El escritor catalán cuestiona el vínculo entre el patrón y la literatura en plena antesala de la celebración en Cataluña
A las vísperas de la Diada de Sant Jordi, el escritor Eduardo Mendoza ha disparado críticas y cuestionado el nombre de la festividad y su vínculo con la literatura. El autor barcelonés, que acaba de presentar en la capital catalana su nueva novela La intriga del funeral inconveniente, ha defendido que el 23 de abril debería denominarse simplemente “Hay que decir el Día del Libro”, ha afirmado al considerar que la figura del santo “no tiene nada que ver con los libros ni con los escritores”. Las declaraciones han ocurrido este lunes durante la rueda de prensa de presentación de su nueva novela, junto a su editora Elena Ramírez.
Durante el encuentro en Barcelona, Mendoza fue más allá y ha afirmado: “No pinta nada.
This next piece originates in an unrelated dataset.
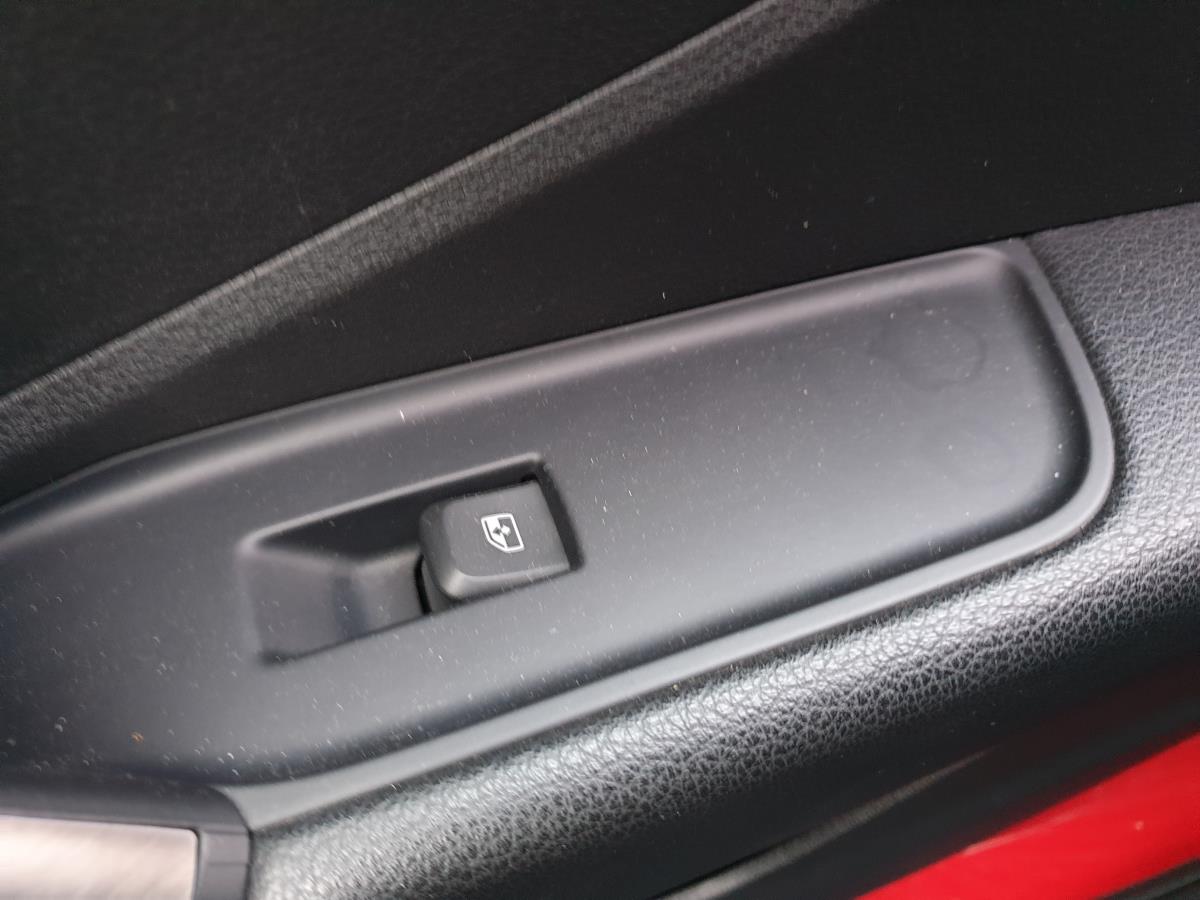 Mando / interruptor elevalunas delantero derecho AUDI Q2 (GA)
Sant Jordi era un maltratador de animales y seguramente no sabía leer. No tiene nada que ver con los libros”, unas palabras que han generado una fuerte polémica en el ámbito político y cultural. El escritor ha recordado que el patrón de los escritores “es en realidad San Francisco de Sales” y ha sostenido que la asociación entre el santo y la celebración literaria es posterior. “Voy a empezar a hacer la campaña que te dije: fuera Sant Jordi. Es el Día del Libro“, ha insistido el autor. ”Ha aprovechado la fecha y se ha metido ahí“, ha subrayado.
Las declaraciones han provocado reacciones inmediatas, especialmente en el ámbito político catalán. La diputada de Junts Anna Navarro ha defendido la festividad como un símbolo cultural y colectivo, subrayando que Sant Jordi representa “libros, lengua y país” y criticando cualquier intento de “vaciarlo de significado”.
La controversia se produce en un contexto en el que la propia celebración de Sant Jordi ya venía rodeada de tensiones simbólicas, como la polémica reciente por el cartel oficial del Ayuntamiento de Barcelona, criticado por sectores independentistas por la ausencia de referencias explícitas a la identidad catalana, como la bandera.